With the dusk the spirit of unrest in her had deepened, and she had seemed to hear voices calling through the twilight of the woods. A thrush had perched on the topmost bough of a beech tree, and had uttered his desire, till the plaint had rung and rung into Denise’s heart. She had tossed her cloak at the bird, but none of the wild things feared her. And though the dusk fell, the song of the thrush seemed to thrill through the brown gloom.

Then night had come, and her cell had seemed small and stifling, a vault for a live soul. She had thrown her grey cloak over her shoulders, and gone out into the beech wood, following the path that led towards Goldspur manor. Her brown eyes had more than human vision in the darkness, and she knew the wood ways even at night. It was as though she went out to watch over the place, and to dispel the shadow of dread that had settled over her own heart.

Denise had come to the end of the wood where the grassland swept down into the valley, when she stopped to listen, putting her hood back so that she might hear more clearly. Her face was towards Goldspur, and she merged her body into shadow of the trunk of a great tree. Abruptly out of the night came the sudden sound of men shouting, a vague clamour that rose and fell like the noise of a wind through trees. Dots of light shone out in the darkness, jerking to and fro like sparks blown hither and thither by the wind.

Denise stood there watching these dots of fire, afraid yet not afraid, striving to understand what was happening down there in the darkness. The shouting died down suddenly, to change into the scattered cries of men running to and fro. The torches tossed this way and that as though Gaillard’s fellows were hunting for fugitives, calling to one another as they doubled upon their tracks.
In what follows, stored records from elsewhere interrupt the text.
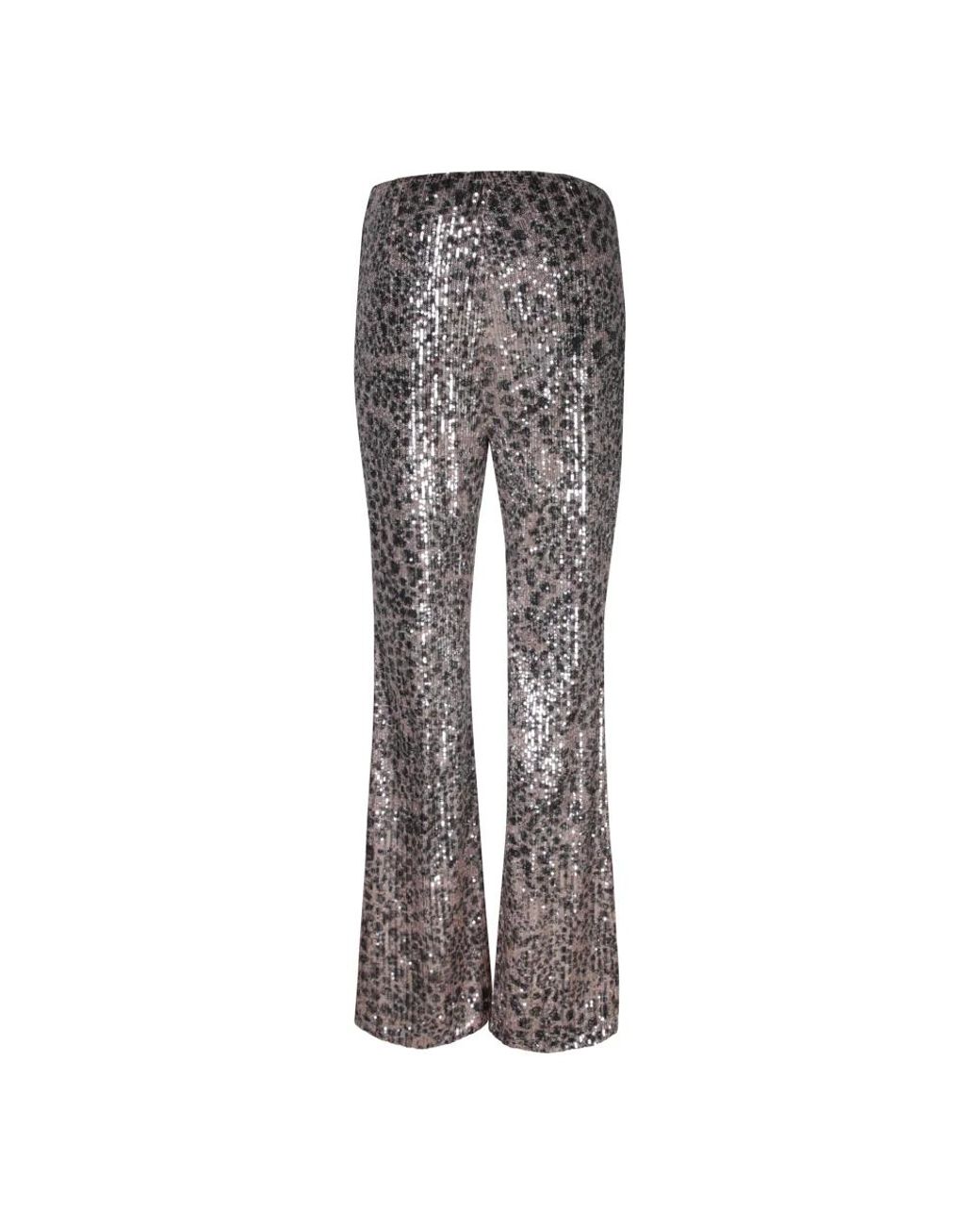 Liu Jo Gray Wide Trousers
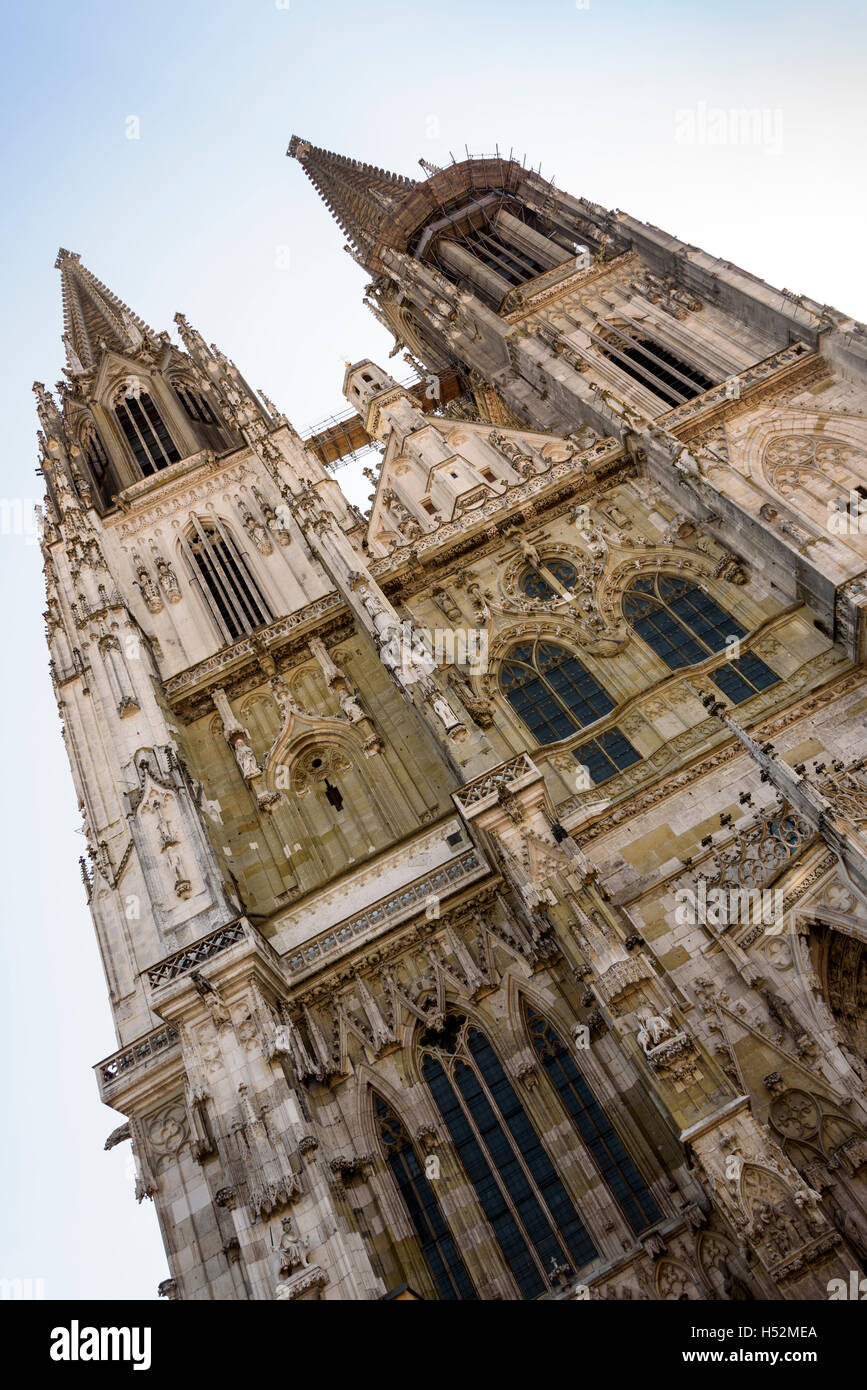 Regensburger Dom St. Peter gewidmet. Stockfoto
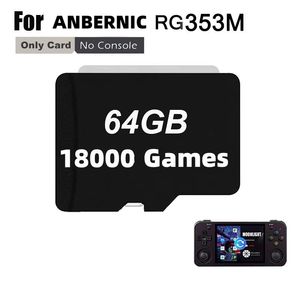 Hot 512GB TF-kaart Anbernic RG353m vooraf geladen games voor 512G 256G 128G 64G Handheld Game voor Bag Card Ingebouwde 80000 spellen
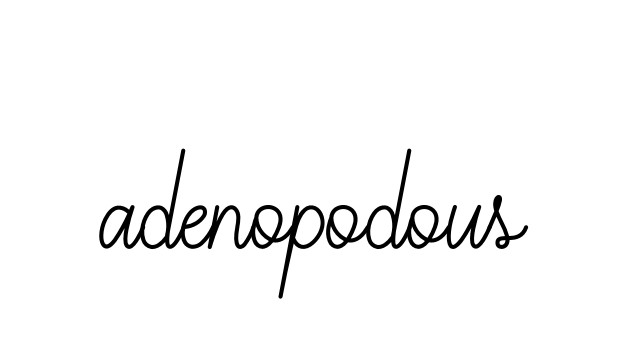 Adenopodous signature
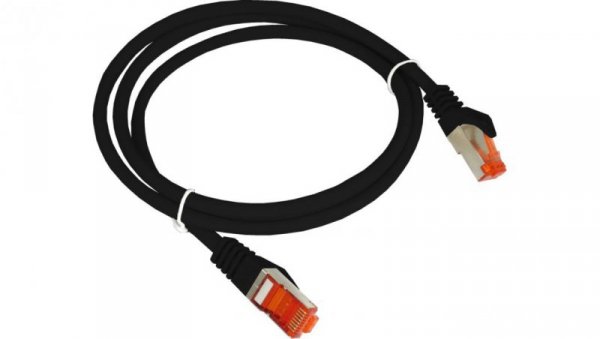 Patch-cord S/FTP kat.6A LSOH 3.0m czarny KKS6ACZA3.0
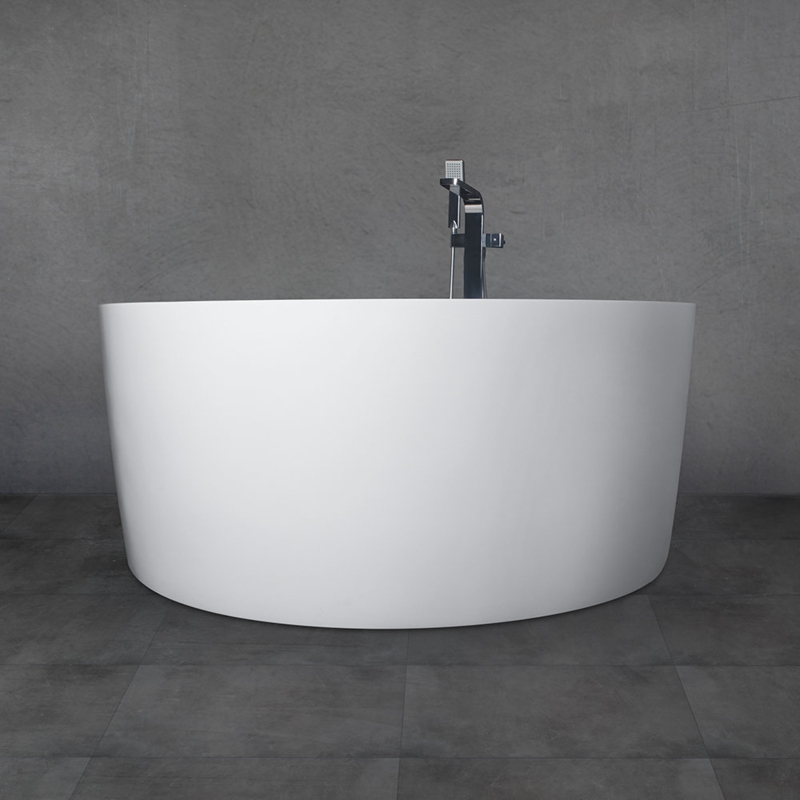 56'' x 56'' Freestanding Soaking Solid Surface Bathtub
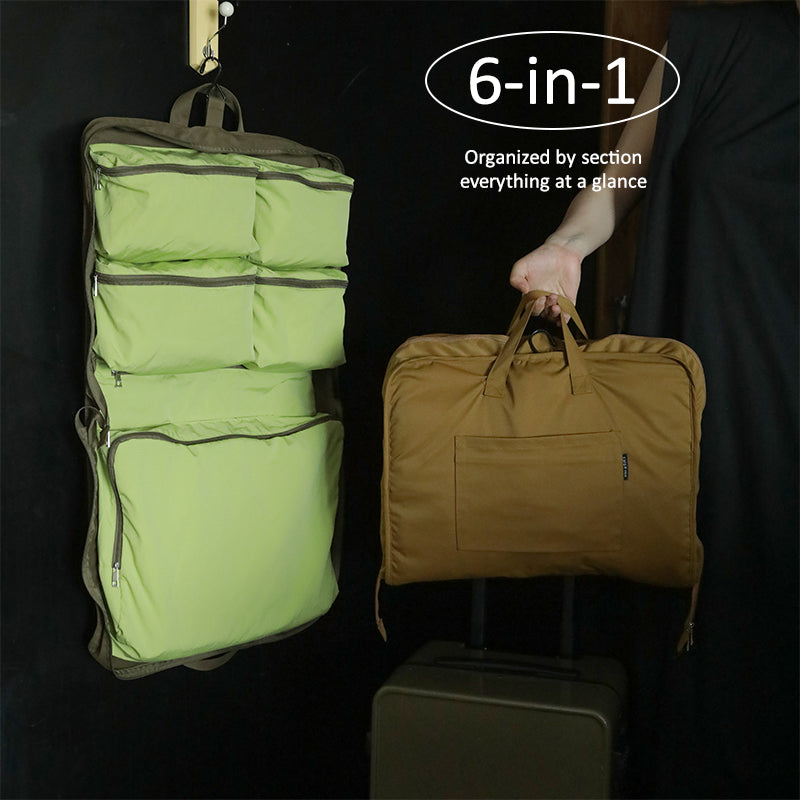 New Design 6-in-1 Storage Bags Big Capacity Clothes Travel Makeup Blanket Wig Cosmetic Bag Hanging Reusable Storage Bag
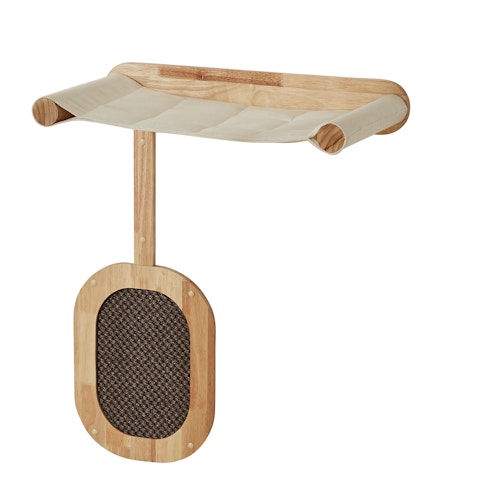 NOBBY Wandelement Hängematte"NIO" cream 70 x 31,5 x 79 cm NOBBY Wandelement Hängematte"NIO" cream 70 x 31,5 x 79 cm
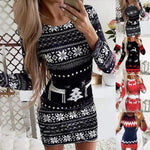 Santa Autumn Winter Knitted Sweater Dress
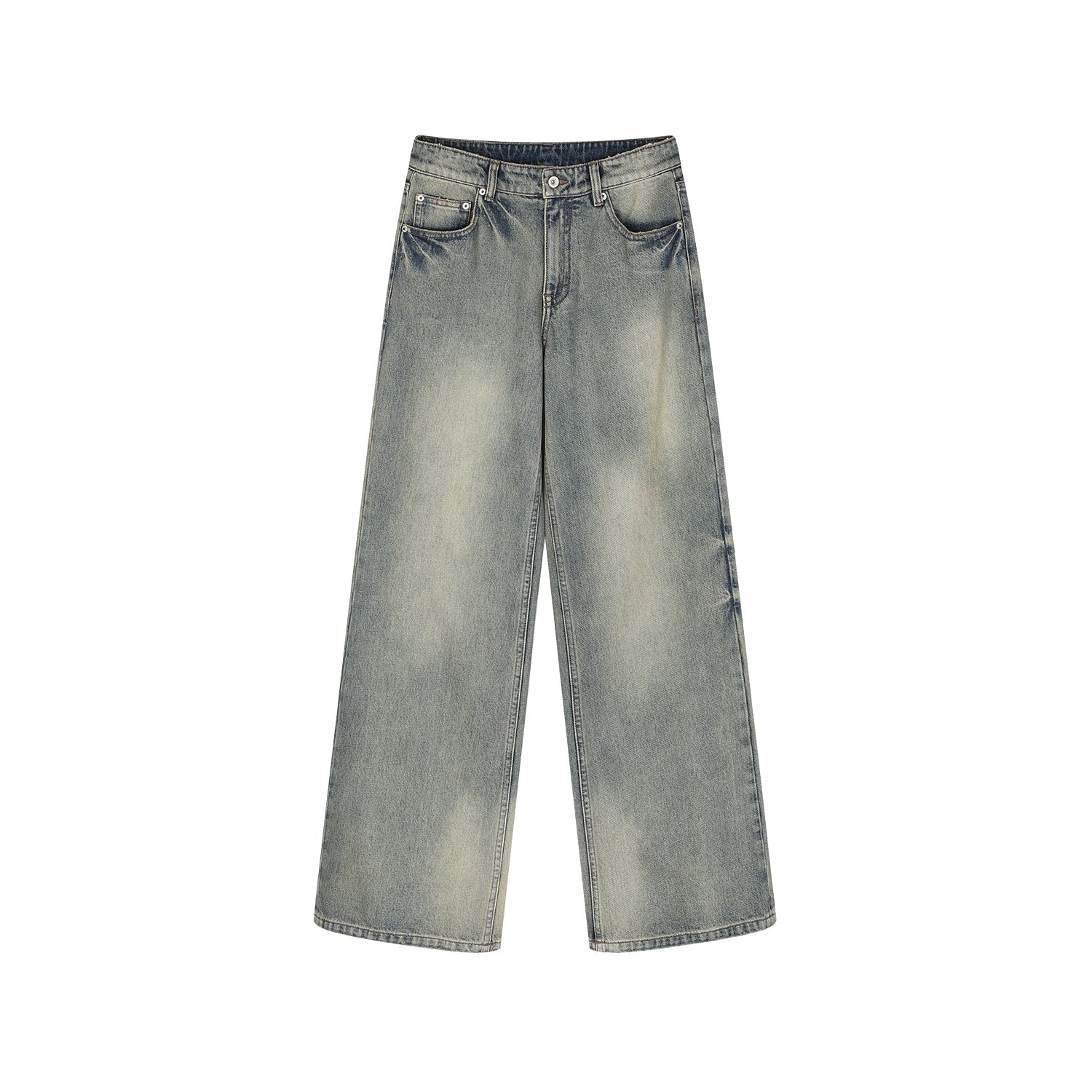 Vintage-wash jeans with a relaxed silhouette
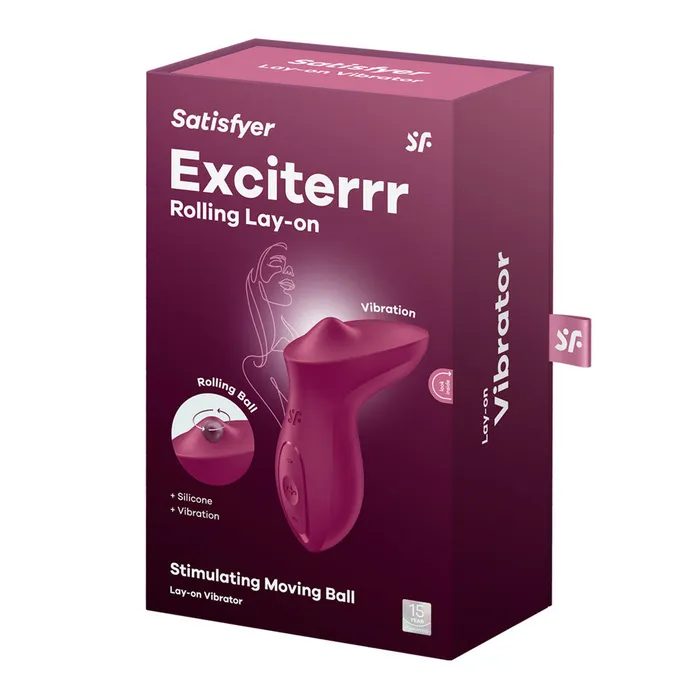 Satisfyer Exciter Lay On Vibe Red ShhhWndsr Vibrators Satisfyer Exciter Lay On Vibe Red ShhhWndsr Vibrators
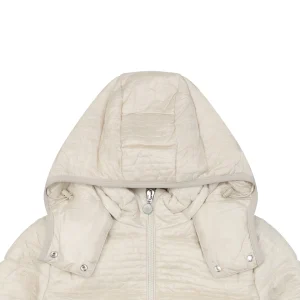 Mxxcler Gisors Waffle Quilted Hooded Down Jacket White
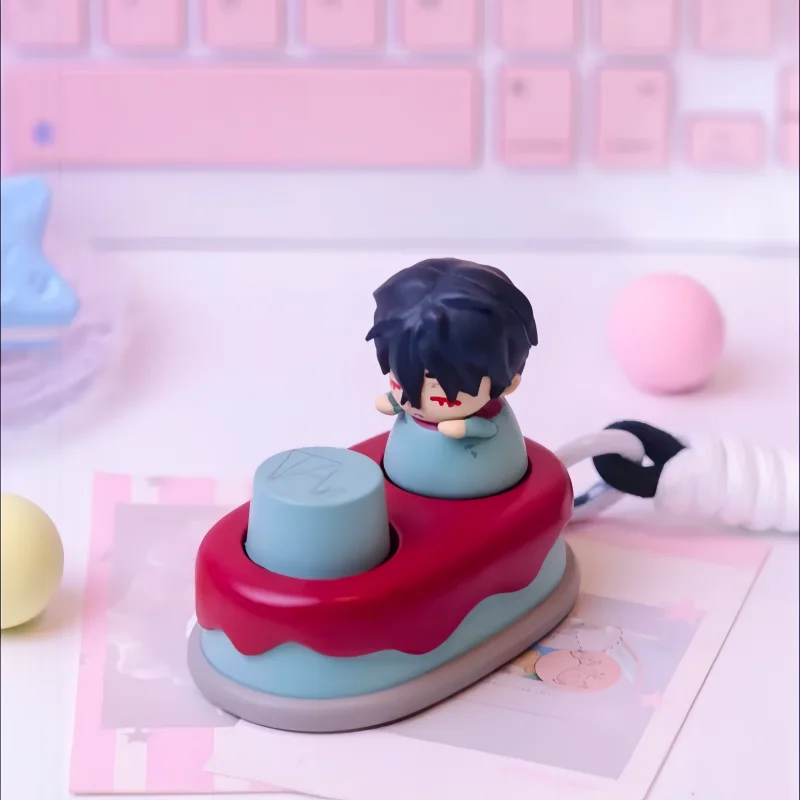 Forest Rain Man Alien Stage Spot Alien Stage Keycaps mecánicos de mano juego de moda caja ciega juguetes decoración de escritorio de ordenador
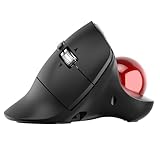 Nulea M514 Vertikale Trackball-Maus, ergonomische kabellose Daumenbedienungs-Maus mit leisem klick,...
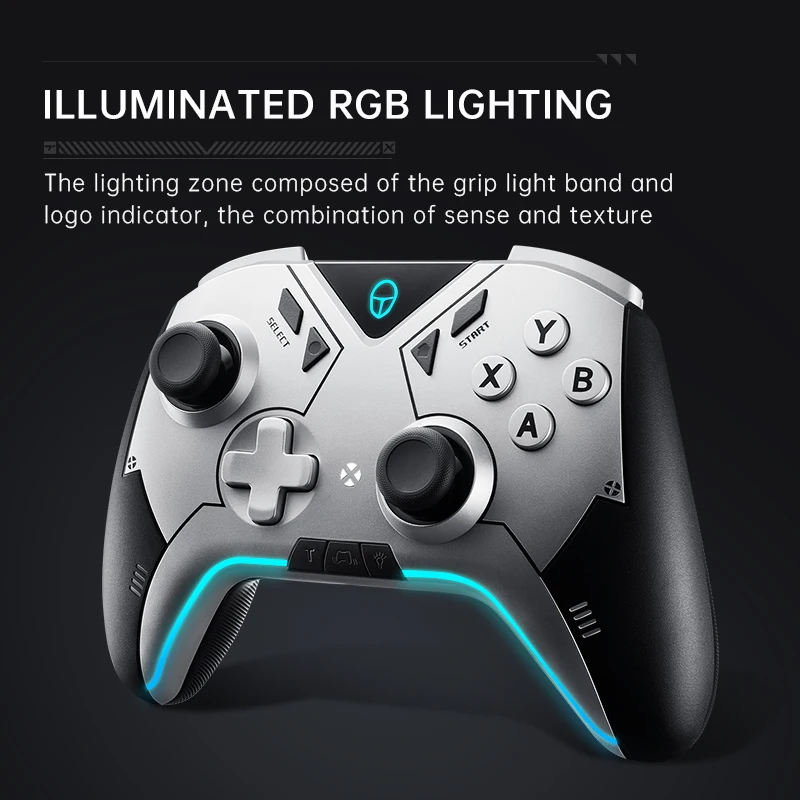 THUNDEROBOT G60 3 Mode Gamepad Buletooth Wireless Wired Vibration Joystick Controller for Switch Windows PC STEAM TV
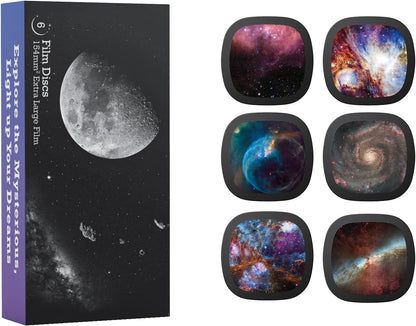 Realistic Discs for Ainael Meteor and Galaxy Projector - 5K Ultra HD Slides for Home Planetarium, 6-Disc Set Without Projector (Nebula 1)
One of the torches came some little distance up the hill towards the beech wood and then halted, and remained motionless, flaming like the eye of a cyclops.

Denise had drawn back behind the tree, when she heard the sound of something moving in the darkness. A black shape passed momentarily between her and the torch burning below upon the hillside. Footsteps came near to her, the stumbling, irregular, running steps of a man hard put for breath, and perhaps—for blood. He passed close to her in the darkness, labouring for breath, and staggering from side to side. She could still see the moving shadow in the gloom, when it plunged like a man falling forward over a cliff, and she heard the sound of a body striking the crisp, dead leaves. Fear was beneath Denise’s feet for the moment. The man had fallen over the straggling root of a tree, and he was struggling to rise as Denise came up with him.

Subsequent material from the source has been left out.